Olagaray said that if immigration isn’t resolved soon, labor shortages will become more pronounced. Last spring, he said he had trouble filling his usual crew to tend his grapevines during growing season, and other growers saw ripe crops languish in the fields.
Still, any policy effort may do little to solve the labor shortage, said Edward Taylor, a professor of agriculture and resource economics at the University of California, Davis.
Such shortages predate the recession. During boom times, contractors persuaded many workers in the fields to work in construction jobs, according to Taylor, who recently co-wrote a study that examined the decline in the number of farm workers from Mexico.
A key finding in Taylor’s study was that more immigrants were staying home to work on Mexico’s farms.
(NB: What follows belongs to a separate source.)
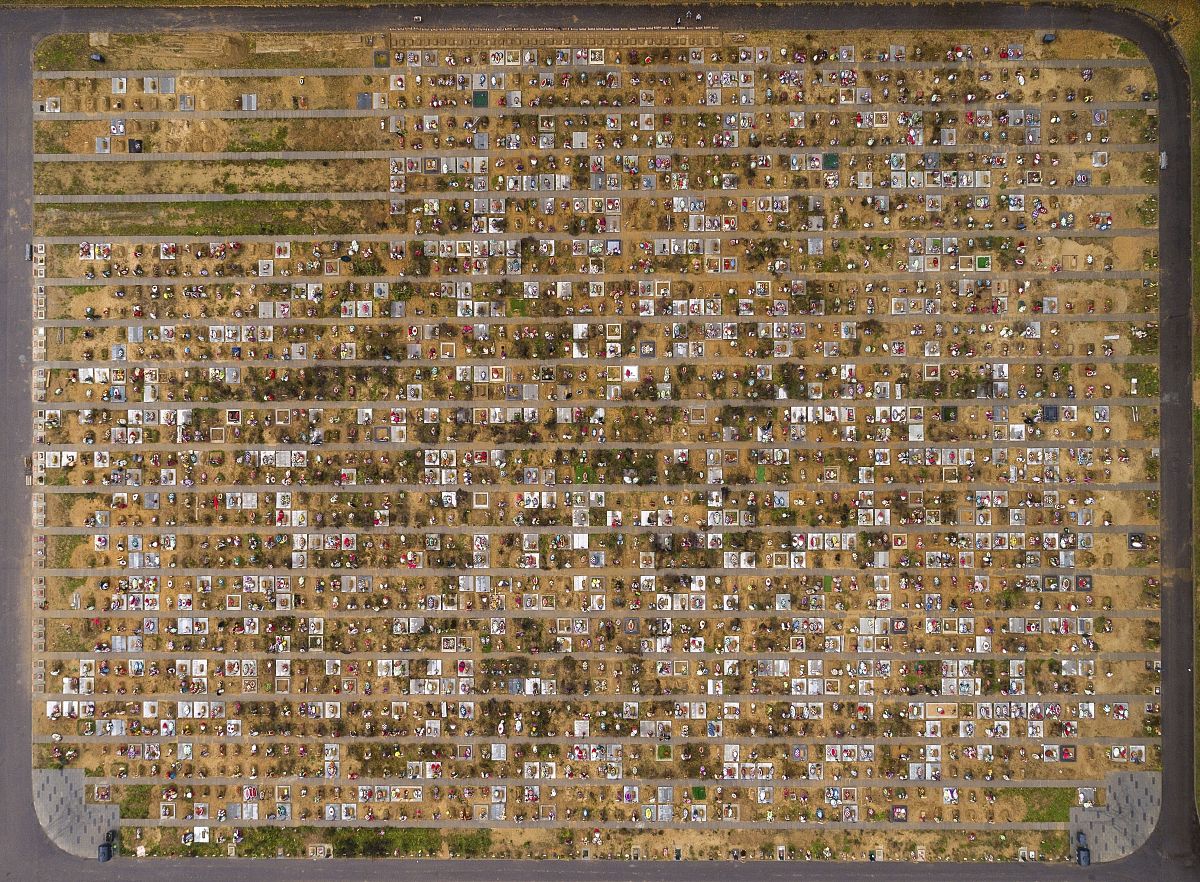 当地时间2021年10月21日,俄罗斯莫斯科,埋葬新冠肺炎逝者的墓地.据俄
They were taking advantage of a strengthening Mexican economy and a growing middle class.
As a result, American farmers are competing for a dwindling supply of workers.
Paul Wenger, president of the California Farm Bureau Federation, said farmers are well-aware that their industry is changing.
And although he agrees that a dwindling labor supply will cause problems farther down the line, he said Congress should still pass immigration reform that will allow farmers to hire legal farm workers.
“Within the next two decades, we’re going to have a problem: A domestic workforce will not want to work in the fields,” he said. “It’s going to be a problem. But that still doesn’t mean we shouldn’t fix the problems that exist today.”